En este contexto, Hölderlin se asume como conciliador de lo trágico de la existencia al rescatar y mantener lo separado frente a la racionalidad prevaleciente de la época. Sin afán de resolver o superar la contradicción trágica de la existencia, sino sólo de mantener su tensión pues, como dice el poeta, “[…] tal es el fruto de nuestra experiencia: no podemos representarnos lo perfecto, sin ver en seguida la deformidad contraria”.[7] Tensión representativa de la fuerza vital de frente al control moderno de conceptualizar y dar razón de todo. Una oposición (la que Hölderlin pretende restituir) entre dioses y hombres, entre la presencia del mundo con su belleza y silencio (y el sentido que yace contenido en él) y una necesidad de “historia, institución, código [y] significado”[8]. Irresolución entre someterse a los dioses y estar en la mundaneidad.
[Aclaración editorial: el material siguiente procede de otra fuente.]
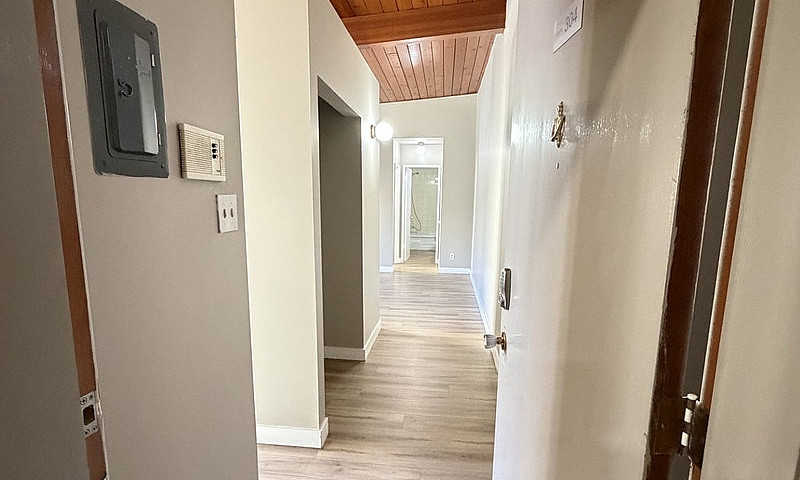 Oliver Apartment For...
Así, sólo mediante la incorporación de la experiencia silenciosa del absurdo es que lo indecible tomaría un significado para este poeta demoniaco. Más tarde, para Nietzche la restitución de la tierra será el restablecimiento de lo terrenal y mundano, del mundo espacio-temporal, en el que vivimos y ya no como un lugar sin valor, de paso, superfluo e inauténtico. Así, “cuanto más pesada sea la carga, más a ras de tierra estará nuestra vida, más real y verdadera será”.[9]
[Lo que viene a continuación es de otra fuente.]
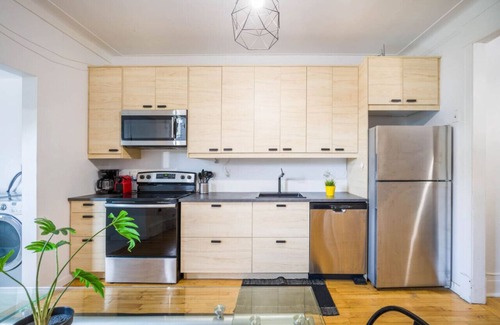 Sainte-Marie Apartment | ✨Spacious & Chic | AC 5 Min to Metro Trendy Area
¿Cómo experienciar lo ilimitado? Algunas pistas: Introversión. Acercarnos al enigma. Experienciar lo infinito en lo finito, lo ilimitado en lo limitado. El infierno. La soledad. Lo extraño.
Referencias:
[1] Richard Tarnas, La pasión de la mente occidental, Tr. Marco A. Galmarini. Girona: Atalanta, 1ª edición, 2008. p. 410.
[2] José Luis Villacañas Berlanga, La filosofía del siglo XIX. Madrid: Trotta, 1ª edición, 2013. p. 15.
[3] Ibid., p. 12.
[4] Tarnas, p. 411.
[5] Patxi Lanceros, La herida trágica: El pensamiento simbólico tras Hölderlin, Nietzsche, Goya y Rilke. Barcelona: Anthropos, 1ª edición, 1997. p. 95.
[6] Giorgio Coli, El libro de nuestra crisis, Tr. Narcís Aragay. Barcelona: Paidós, 1ª edición, 1991. p. 87.
[7] Friedrich Hölderlin, Hiperión, Tr. Alicia Molina y Rodrigo Rudna. Puebla: La nave de los locos, 2ª edición, 1989, p.12.
[8] Lanceros (1997), p. 94.
[9] Milan Kundera, La insoportable levedad del ser, Tr. Fernando Valenzuela. México: Tusquets, 17ª reimpresión, 2005, p. 13.